What’s an electronics company supposed to do when its home country gets hit by a catastrophic natural disaster, unfriendly exchange rates, high wages, and increased competition from abroad? Renesas, Fujitsu, and Panasonic are thinking about merging their LSI chip businesses, reports the Nikkei Shimbun — the latest in a long list of mergers, joint ventures, sell-offs, and outsourcing that Japanese firms hope to return them to profitability. The newspaper states, unsourced, that the companies are aiming for a basic agreement by the end of March, and are negotiating to form the new company by the end of 2012. As part of the plan, the companies would divest of some of their manufacturing capacity, transferring control of Renesas's Tsuruoka and Fujitsu's Mie production facilities to a recently-established subsidiary of Global Foundries — an American chipmaker. Regarding the rumored venture, Fujitsu put out a press release today that stopped short of a denial, stating, "Fujitsu is exploring possibilities for improving its semiconductor business from many different angles."
In November, Sony, Toshiba, and Hitachi each bought a 10 percent stake in Japan Display — with the Japanese government kicking in the other 70 — in a hope that economies of scale could help them against nimbler competitors in China and South Korea. Next came news that Sony and Hitachi were planning to outsource their battery and TV production, respectively, and on top of everything, Sony, Panasonic, and Sharp all posted huge losses last week, totaling nearly 1.3 trillion yen (approximately $17 billion).

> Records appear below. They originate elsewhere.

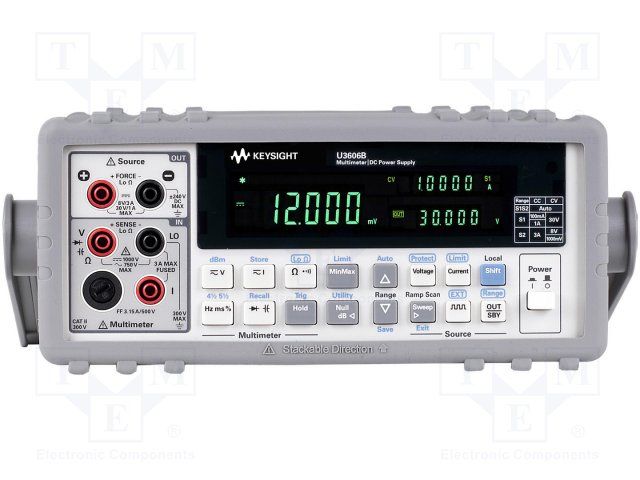 KEYSIGHT TECHNOLOGIES         U3606B            MULTIMETER / PSU, BENCH, 5.5 DIGIT
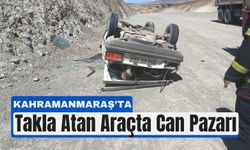 Kahramanmaraş’ta Otomobil Rampada Takla Attı, 2 Kişi Yaralandı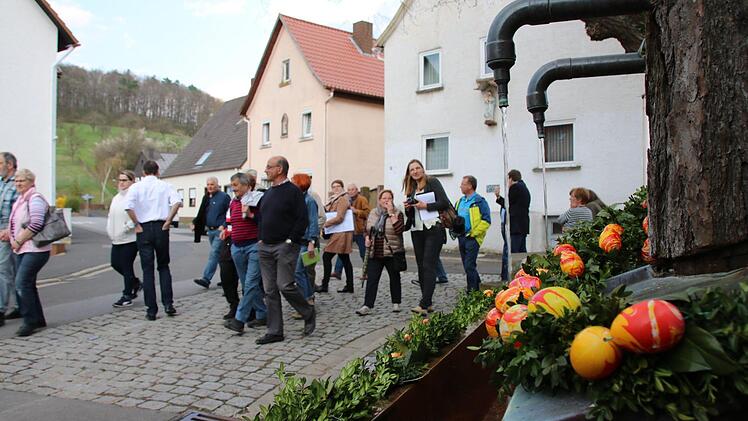 Eindrücke vom Stadt-Spaziergang durch Arnshausen. Foto: Ralf Ruppert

While Japanese companies have been struggling to prop up their struggling TV businesses, they've also had a hard time cashing in on the mobile craze, often deciding to make mobile phones that aren't so well suited to compete in overseas markets. Hopefully, if Kaz Hirai's recent speech on Sony's plans for the future are any indication of the current mindset here, the smart Japanese firms will be able to turn it around in 2012.